The visual flourishes are certainly endearing but Ecstatica’s not a perfect game, and at times it feels like two people saying ‘We’ve got this fancy ellipsoid engine - now what the hell do we do with it?’ and trying to work out the question as they go along, resulting in a game filled with lots of really cool ideas that are executed in a well-meaning but ultimately wonky fashion. You best-guess your health based on whether you’re standing up straight or hunched over limping, and to view the items you’re carrying you glance at your character’s hands, as they have no other way of transporting collectables. This is a nice idea in theory but what it means in practise is one slot is almost always occupied by a weapon (a necessity if you want to escape the larger enemies that doggedly pursue you, will wait outside doors for you to come back, and can outrun you), with just one single slot left free for key items. To illustrate why this is an issue – there’s a very important ‘Do this or never finish the game’ puzzle that requires you to fetch and carry three items back to a particular spot in the village, and if you put them down somewhere along the way (which can happen if you’re trying to pick something else up and have to run from a sudden ambush) you have no way at all of tracking where you left them, forcing you to reload an earlier save or at worst, creating an unwinnable scenario as you search in vain for an object three pixels long in a sea of tall grass.

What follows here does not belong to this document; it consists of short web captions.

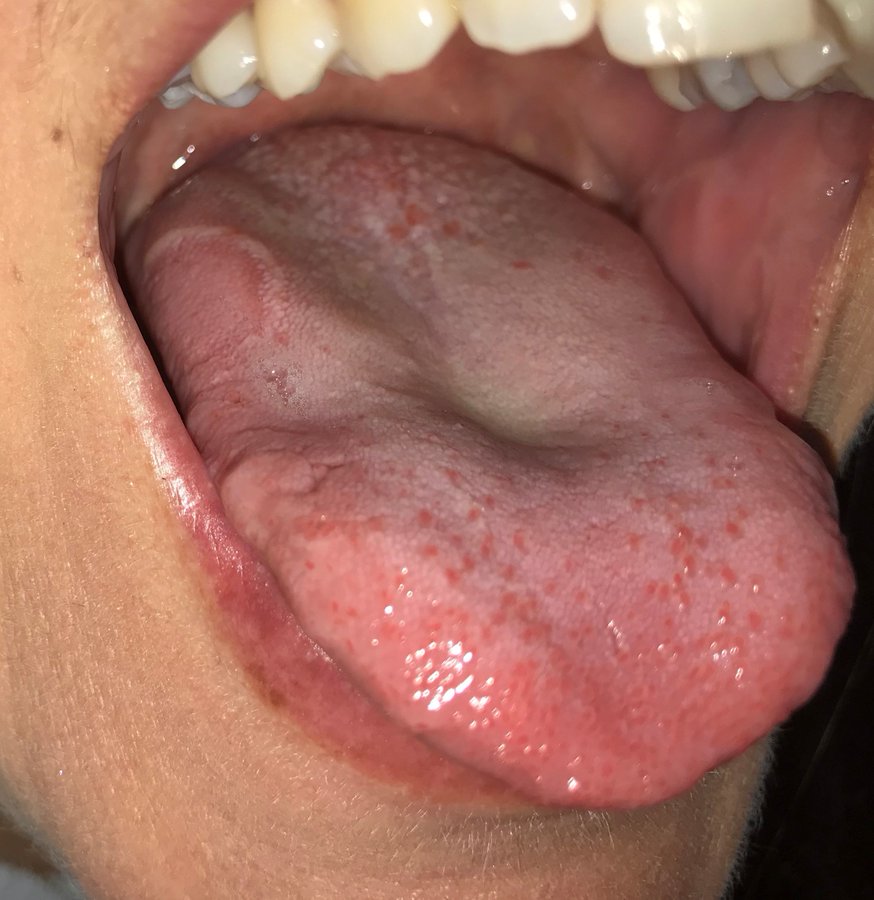 What is COVID tongue? Swollen, sore tongue may be possible coronavirus symptom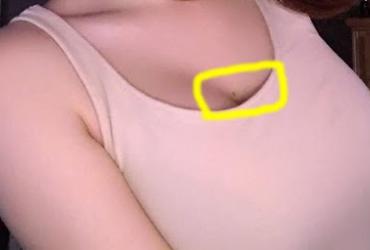 10 Nốt Ruồi Khiến Bạn Lo Lắng Nhất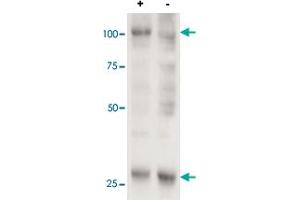 Cell line 143B overexpressing human AARS2 and probed with AARS2 polyclonal antibody  (mock transfection in second lane). (AARS2 anticorps  (AA 478-489))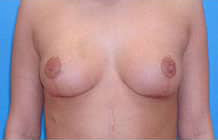 Breast Lift/Mastopexy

Another major issue is sadly the tone of the game – the back of the box claims Ecstatica is ‘A nightmare like none you’ve experienced before’ and ‘terrifying’, but it actually comes across more like Monty Python’s Black Knight than anything truly scary; the hero’s cowardly-clumsy personality is amusing but it also completely undermines the imagery of priests swinging from a noose in the church and women impaled on tables, and seeing the main enemies get together in the bar for a chin-wag celebrating your demise would have been better off kept as a post-credits ‘blooper reel’ style bonus than compulsory viewing after death – can you imagine Silent Hill 2’s Pyramid Head sitting on a chair saying to some horrific mutated nurse ‘Cor, this bloke must’ve really fancied his missus to come back ‘ere!’ as James’ corpse swings from the rafters? It’s as mood-killing and ridiculous as that. In isolation the strange-horror locations look the part and the black-comedy bits work well – but not together.

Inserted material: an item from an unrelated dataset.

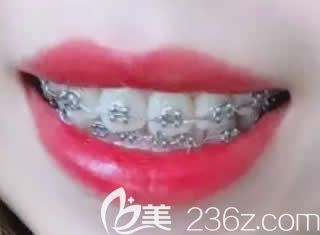 孩子在深圳格伦菲尔口腔做金属托槽矫正第6个月 孩子在深圳格伦菲尔口腔做金属托槽矫正第6个月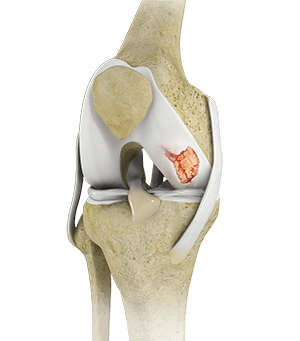 Knee Cartilage Restoration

But even with these issues Ecstatica isn’t a bad game, just a flawed one that wants to shoot really high but isn’t quite sure what it’s aiming at – it’s certainly unique enough to be well worth spending a weekend experiencing the utter madness contained within first-hand. You’ll definitely have an enjoyable time stumbling around the village of Tirich and getting suddenly killed in many, many, ways; but I wouldn’t recommend trying to play it ‘properly’ as item hunting is frustrating and their intended usage far too obscure, even before you have to worry about dying instantly to invisible traps.